# prodac fondo vivo



## DarkCobra (Jun 22, 2004)

LOL, I had problems finding any info on this in English!

It appears to be a fracted clay substrate, similar to Flourite - but with some added nutrients, similar to Eco Complete.

If it's what you've got, and the price is right, use it. There's no reason it shouldn't perform well. All fracted clays do.


----------



## cxz (Dec 6, 2005)

its just slightly more expensive (~5 dollars) than regular gravel, so it can't hurt  

I'll give it a try..


----------



## eds (Feb 12, 2003)

Id find it hard to resist using this stuff, just so I could say its name!


----------



## yoink (Apr 21, 2005)

eds said:


> Id find it hard to resist using this stuff, just so I could say its name!


When I saw the title I thought "Oh, that sounds fancy. Let's check it out"


----------



## lumpyfunk (Dec 22, 2004)

So is there a *Prodac Fondo Vivo *Pimp club in the works??:icon_mrgr :icon_mrgr


----------



## eds (Feb 12, 2003)

Try and say prodac fondo vivo 5 times fast.
It can't be done!


----------



## DarkCobra (Jun 22, 2004)

Got to the 4th time and said "Product Fondo Vivo". Darnit!


----------



## VITARTE (Jan 28, 2005)

eds said:


> Try and say prodac fondo vivo 5 times fast.
> It can't be done!


Unless you speak spanish, then it's really easy  
Rafo


----------



## cxz (Dec 6, 2005)

prodac is italian as far as i know..

and i picked it up today.. 1,5 kgs, ~ 3 pounds.. dumped it all in my 5 gallon nano with some fine black gravel on top..
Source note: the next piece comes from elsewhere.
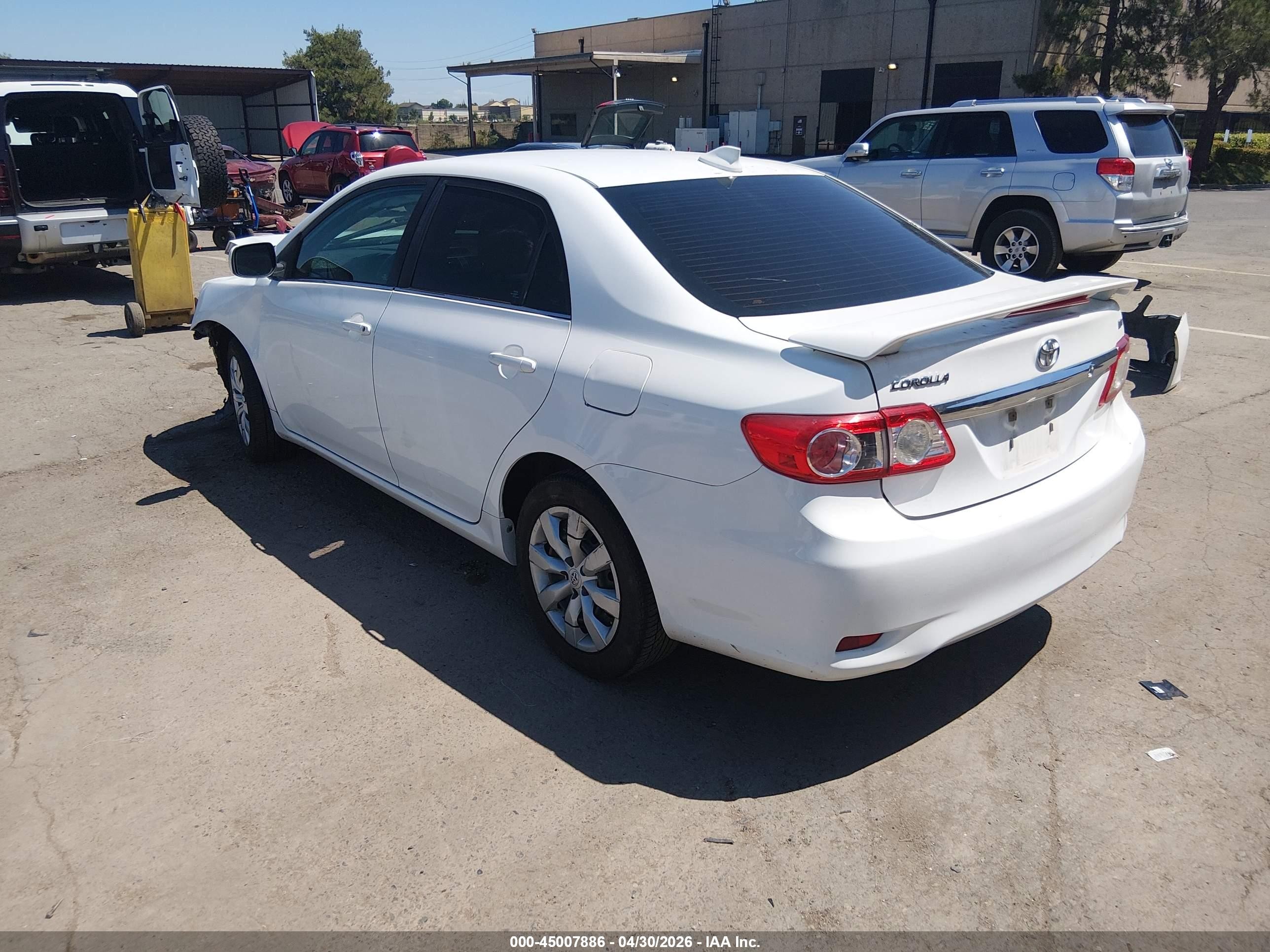 2013 Toyota Corolla Le White vin: 5YFBU4EE9DP209046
i can put up pics if anyone wants to see..


----------



## plantbrain (Dec 15, 2003)

Well, it's better than plain sand etc, some new ones are coming out and the4 cost of shipping ADA or SeaChem all over the world will make the local makers more competitively priced.

We have soil master here which is very cheap and similar to eco complete but 10X less the cost.
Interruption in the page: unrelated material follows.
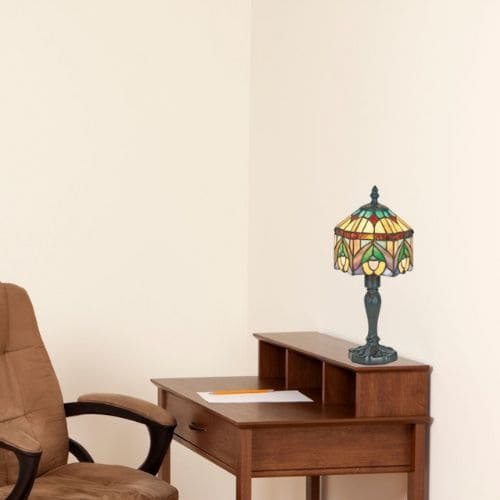 MyTiffany - Lampe Art Deco Tiffany VITRAUX, disposée sur un bureau en bois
Give the product a try, sounds decent.
Did you ask on the Italian boards?

Regards, 
Tom Barr


----------



## cxz (Dec 6, 2005)

nah.. I didnt get as far as finding a italian board and asking there... maybe I should have thought


----------



## banderbe (Oct 10, 2005)

cxz said:


> I just wondered into a petstore today, and found this substrade called prodac fondo vivo..
> 
> have any of you guys any idea on how good it is?
> 
> ...


Babelfish translates "prodac fondo vivo" from Italian to English giving "prodac deep alive"

From Spanish to English it gives "prodac alive bottom"
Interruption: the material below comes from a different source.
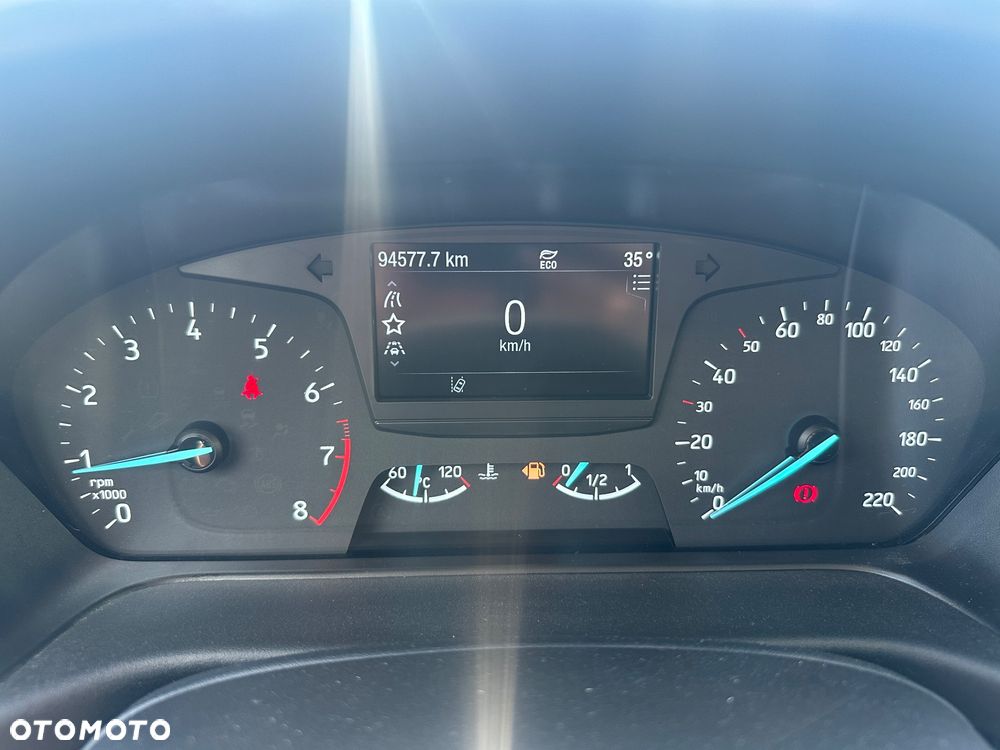 Ford Fiesta 1.1 S&S TREND - 11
Prodac is probably a word that isn't in the Babelfish dictionary.


----------



## banderbe (Oct 10, 2005)

plantbrain said:


> Well, it's better than plain sand etc, some new ones are coming out and the4 cost of shipping ADA or SeaChem all over the world will make the local makers more competitively priced.
> 
> We have soil master here which is very cheap and similar to eco complete but 10X less the cost.
> 
> ...


How is soilmaster similar to Eco Complete? They certainly don't look similar. I want to try soil master but I keep reading people saying it's light weight and I don't want to find out that my substrate has trouble keeping my plants in place or flies around the water column whenever I get in there and create a current.


----------



## wearsbunnyslippers (Dec 6, 2007)

has anyone tried this?

they have it at my lfs and it is a lot cheaper than getting flourite...

i found this tank that uses it, and it looks pretty good...

http://www.ratemyfishtank.com/enlarge.php/2305


----------